FORMER President Jakaya Kikwete underscored the importance of Africa unification to live in the legacy of the late South African first President Nelson Mandela.
As he addressed the celebration to honour the great contribution of Mandela to African freedom and unity at the University of Dar es Salaam in Dar es Salaam, on Thursday, Dr Kikwete appreciated the way the South African icon left an outstanding legacy in Africa and the world at large that many are proud of.
He said the journey that Mandela took to help his country to gain independence and freedom from the apartheid colonial regime was more like the work of a saint that no man could ever do.
“Nelson Mandela was an iconic leader who inspired a lot of us and I can say he is my hero, my leader and he treated us like his own children, what Nelson Mandela did to his country is more like a saint job of sacrificing his life for his country,” he pointed out.
Dr Kikwete noted that the spirit and legacy that Mandela left in Africa was that he was a leader who showed strength out of all the pain and struggles he faced, and taught us about forgiveness and reconciliation.
He added that “he was a humorous person who cared for others’ wellbeing and he was also an easy-to-talk person.”
He compared Nelson Mandela to Tanzania’s founding father of the nation, Mwalimu Julius Nyerere, saying: “When Nyerere was asked to choose between being a teacher at Pugu or to be jobless and venture into politics, he chose to be jobless and engage in politics.”
On her part, the South African High Commissioner to Tanzania, Noluthando Mayende-Malepe said that her country equally honours the contributions of the East African country to their freedom and independence, especially commemorating Nelson Mandela.
She added: “Today we are honouring the contribution and legacy of Nelson Mandela in the form of educational outreach so all learnt lessons are transferred to the nationals and institutions on humanity to enable us live comfortably.”
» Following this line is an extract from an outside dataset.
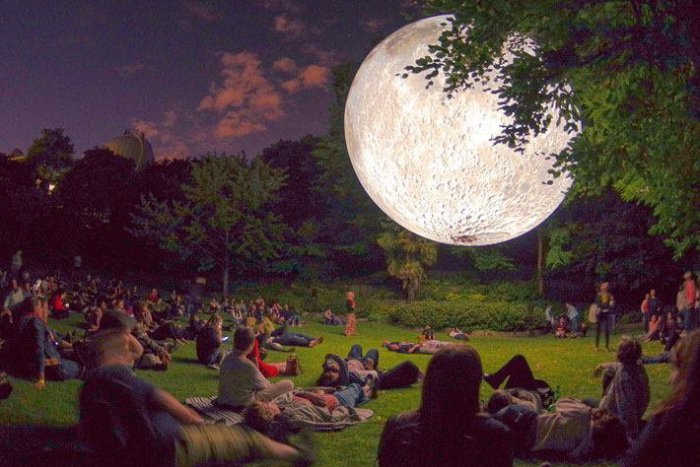 Ilustračný obrázok k článku Biela noc opäť rozžiari ulice mesta: Nad Bratislavou sa bude vznášať Ufo!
The High Commissioner further said that what Mandela left for Africa is a legacy that must be taken into consideration and celebrated as Mandela Day.
Elaborating, she pointed out: “May, I ask other ambassadors who have joined the commemoration of Nelson Mandela today (yesterday) to keep the unity and humanity.”
Facilitating the celebration’s event and speaking on the legacy and contribution of Nelson Mandela in African countries, former Prime Minister and Judge Sinde Warioba said that the South African icon was a peacemaker.
“What Nelson Mandela did in South Africa to unite people of different ethnic groups, races, cultures and beliefs was not easy…he did it because he wanted to see South Africa being a free nation and democratically mature. He wanted to unite all the people of South Africa and that’s why he insisted on peace, equality, humanity and unity,” he said.
On her part, Mwalimu Julius Nyerere Leadership School Principal Prof Marcellina Chijoriga said that the teachings of Nelson Mandela contributed to what they are now teaching their students on leadership, nationalism and Pan-Africanism.
Prof Chijoriga said that “it is important for the public and leaders to go with the values and advocacy of freedom fighters in Africa like Nelson Mandela and Mwalimu Nyerere, who dedicated time working with everybody and teaching on forgiveness and reconciliation.”
The Mwalimu Julius Nyerere Leadership School (MJNLS) was jointly established by the Former Liberation Movements of Southern Africa including the Chama Cha Mapinduzi (CCM), African National Congress (ANC), Mozambique Liberation Front (FRELIMO), Popular Movement for the Liberation of Angola (MPLA), South West Africa People’s Organisation (SWAPO), and Zimbabwe African National Union-Patriotic Front (ZANU-PF).